Due diligence depends on information provided by the third party candidate. In providing such information, companies rely on written or automated questionnaires that are completed by the third party candidate. A questionnaire, however, is only the starting point, not the end point.
The information provided in the questionnaire has to be validated, not based on the candidate’s assurance or signature on the page, but through meaningful independent information.
One key issue is who owns the company – meaning the natural person(s) who owns the company. Depending on the location of the third party and the industry, this can turn into a tricky issue. Layers and layers of organization entities, with complicated family or related party interests, can be difficult to unravel. Every due diligence system has to dig into a candidate’s ownership structure to identify, validate and investigate the natural persons who own the third party.
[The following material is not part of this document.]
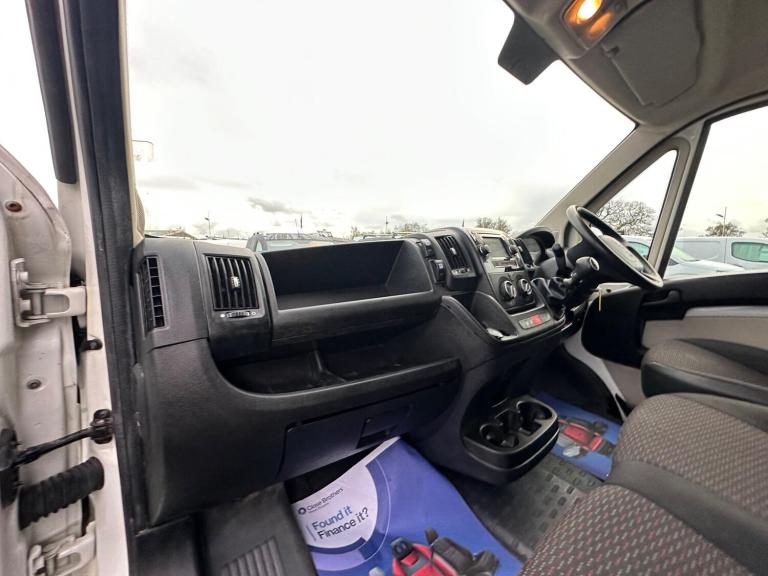 2018 Peugeot Boxer 2.0 BlueHDi H2 Professional Van 130ps PANEL VAN DIESEL Manual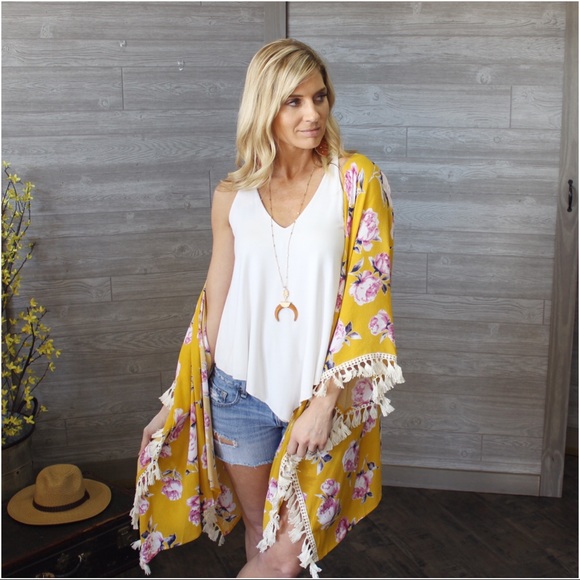 ✨RESTOCKED✨Mustard floral fringe kimono - Picture 2 of 3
There is no easy solution to this requirement. Unless a company knows who it is dealing with, the company cannot go forward. Sometimes companies will decide to rely on a certification from a third party candidate that the company ownership does not include any government officials or any prohibited persons under sanctions laws. A certification is no substitute for knowledge.
Companies have faced enforcement actions when they rely on certification to satisfy due diligence requirements. For several years, Cobalt Energy was under investigation because it relied on a partner’s certification of lack of government ownership. When that certification provided to be inaccurate, Cobalt had to spend hours arguing to prosecutors that an enforcement action was not warranted.
The validation of company ownership requires documentation of the company’s ownership and a reliable source for verifying a company’s natural person ownership. One of my blog sponsors, BVD, provides such validation services and is uniquely positioned to do so based on its investigation and collection of ownership data.
Ownership information, however, is just one part of the validation process. Additional corporate registration and tax information can be validated as well to ensure that a company is dealing with the real third party in interest. Searches of country-specific corporate registration information is becoming a valuable source of information to verify specific representations as to location of incorporation, date of registration and other specifics that corroborate representations made by the third party candidate.
A due diligence investigation has no usual or even typical path. Instead, the facts will lead the investigation and require certain areas of inquiry. Specific individuals who turn out to own parts of a third party candidate have to be confirmed, investigated and cleared of any red flags. It is a lengthy process that needs to be documented and retained in the company files.
The initial due diligence investigation creates a baseline from which the third party’s conduct can be measured and monitored as the relationship continues. It is the foundation of a third party relationship and must be treated as such.